Learning how to read floor plans is a really worthwhile exercise, whether you're building a new home, remodeling, looking for a house to buy or trying to figure out how the space works in your home.
This page forms part of the how to read house plans series.
On this page we'll be covering....
So what can you find out once you know how to read floor plans?
A floor plan is a 2-dimensional drawing of a home done to scale. It’s a tool which allows you to analyze the layout of a home.
The floor plan is a representation of a home as if it’s been cut by a saw at around 4ft above the floor level.
I've heard floor plans described as an X-ray of a home which I think is a great way to think about them.
Floor plans are great for describing the scale and size of the spaces inside the home, how the rooms of the home fit together and the flow between them.
Since you can see the whole of one floor at a time, it makes it a valuable analysis tool because you can spot things that you might not necessarily notice even wandering round a home in real life.
So in order to read floor plans, what information do you need?
First of all, you need a floor plan for each story of the home you're looking at. For our case study house, we only have one floor to keep things simple.
As well as the layout, a floor plan also needs to include the following information:
The compass mark shows which direction is north. This is important to know how the sun moves around your home.
If there isn't a compass mark on the floor plan, you might find it on the site plan.
Look for the dimensions of the rooms of the floor plan. Sometimes there is a scale that you can use to determine the dimensions that aren't explicitly marked.
On the floor plan above, the dimensions are marked with black lines with a diagonal line to mark the extent of each dimension.
Find out more about scale for floor plans.
Make sure there is a furniture layout on the plan. You’ll be surprised about how many problems can be uncovered in a floor plan when you bring furniture into the picture as well. The sofa and the dining table as well as the kitchen and bathroom layouts should be on the floor plan.
Take a moment to check the size of the furniture. Sometimes the furniture used on a floor plan is small to make the floor plan appear larger. The furniture will use the same scale as the rest of the floor plan.
Is the sofa on the floor plan really the size of a big comfy sofa or is it heading towards the size of a bus shelter bench? If there is no furniture on the plan, print it out and put some in roughly to scale.
The next thing to get to grips with is the symbols that are used in a floor plan. If you haven’t already, please sign up to HPH so that you can download your floor plan symbols and blueprint symbols. They’re the symbols that are used throughout the HPH site.
Each of the symbols is explained on the floor plan symbols page .
So to help you learn how to read floor plans, let's step through the floor plan of our study house.
External walls are represented by a thick solid line (they have the heaviest line weight). The internal walls are represented by a thinner solid line. Full height doors are represented by an even finer solid line.
Windows are represented by a single solid line. The floor plan doesn’t tell you anything about how a window opens, or the height of the window. You'll need to look at elevations for these details.
Doors are represented by a thin solid line and are always drawn in the open position.
Doors are accompanied by a quarter circle to show the extent of the door swing.
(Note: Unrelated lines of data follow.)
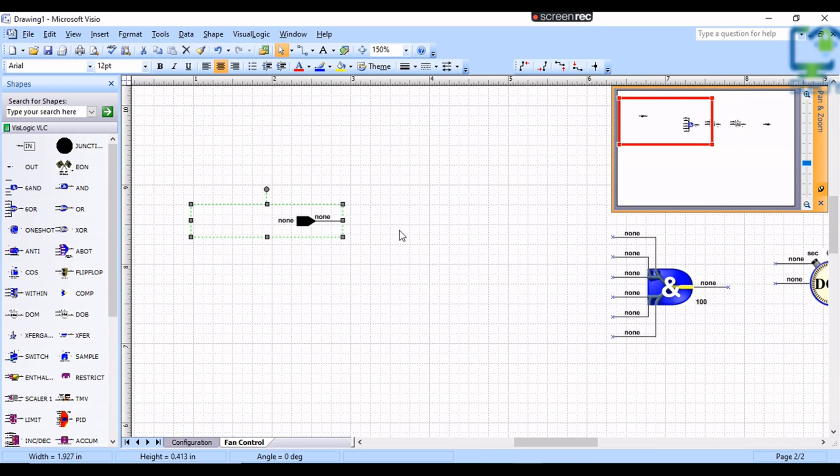The first step is to give the description and address in the input blocks as shown in the video.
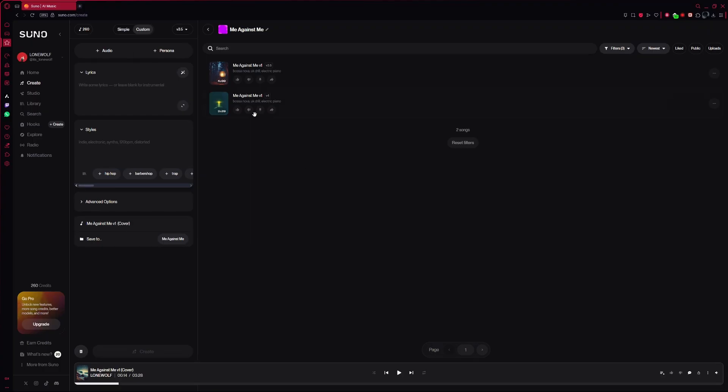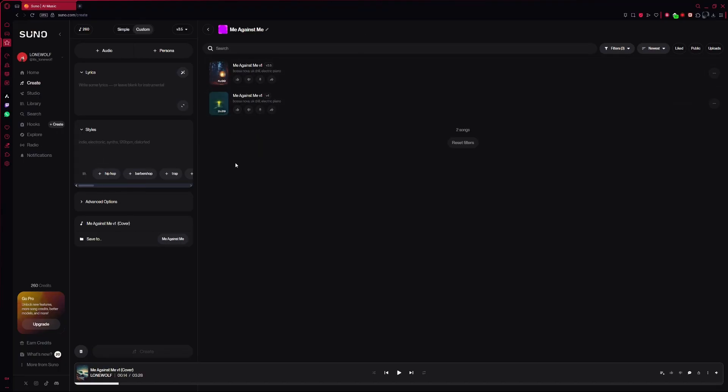On the left side of the screen, you will see all the input options for your song, like description and style. On the right side, you can see a list of all the songs you have created.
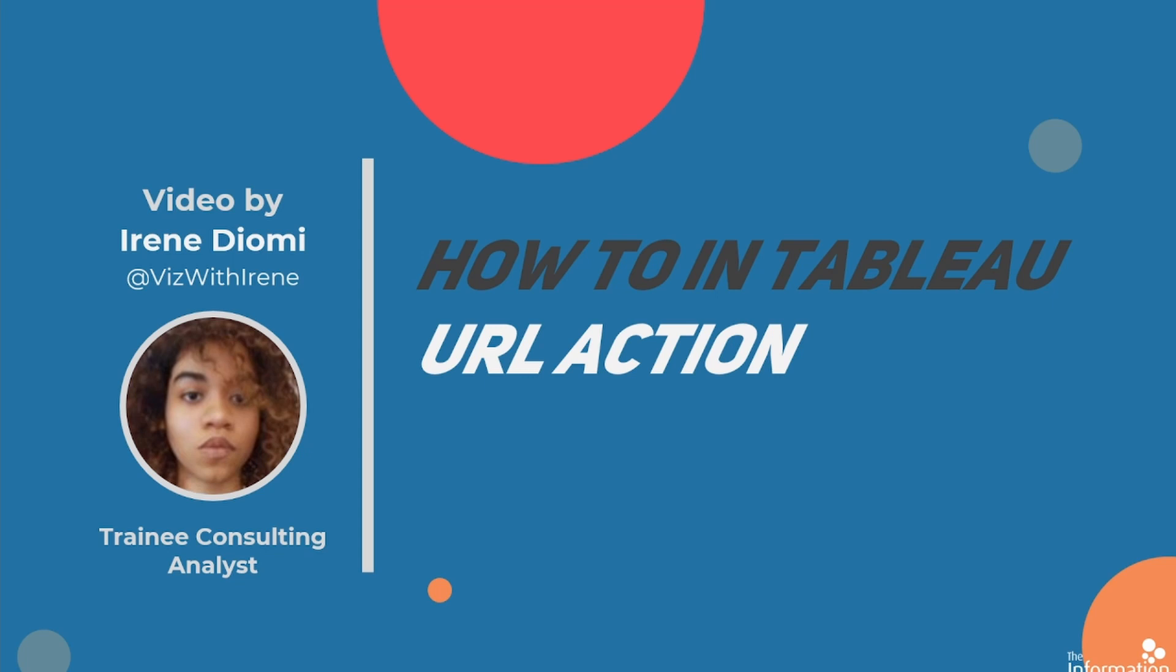Hi, my name is Irene Diomi and I'm a member of the Data School 23rd cohort at the Information Lab. In this video, I'm going to show you how to use URL actions.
Showing the door swing helps to show any possible conflicts with the swing of the door such as swinging into another door, or swinging into a hallway where someone might open the door into the path of someone walking down the hall – ouch.
That’s why internal doors should open into rooms and not into circulation spaces.
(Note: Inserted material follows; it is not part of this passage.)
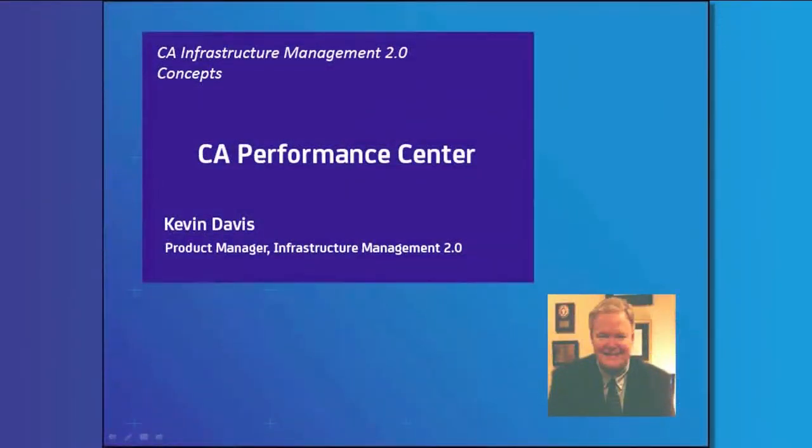Hello, my name is Kevin Davis. I'm a product manager for CA Technologies IM 2.0.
Identify where the front door and any other entries are.
Although there is only one floor on our study house, we do have stairs going up to the front door.
The stairs show each tread.
Stairs between each floor should indicate which way is up or down. There are different conventions for which way the arrow points, up or down so I like to see a word to explain ‘up’ or ‘down’.
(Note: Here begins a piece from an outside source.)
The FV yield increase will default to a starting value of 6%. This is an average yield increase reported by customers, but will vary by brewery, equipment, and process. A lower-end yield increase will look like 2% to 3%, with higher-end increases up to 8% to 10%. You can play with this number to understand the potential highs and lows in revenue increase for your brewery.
You can see the dining room, bedroom and study furniture on the floor plan.
You can see the basic layout of the kitchen including the location of appliances.
If the kitchen layout is not indicated, you should have a think about how the kitchen layout might work.
You can see the layout of the bathrooms.
If the bathroom layout is not on the floor plan, put a layout in yourself to make sure the space will work as a bathroom.
There's lots of information available on the design of each individual space, room by room.
It's important to have some space set aside for a laundry.
Our example home has a stove rather than a fireplace. The circle with the solid line shows the size of the stove on the ground, the circle with the dotted line shows the chimney going through the roof.
In addition to closets in bedrooms is there any other storage on the floor plan?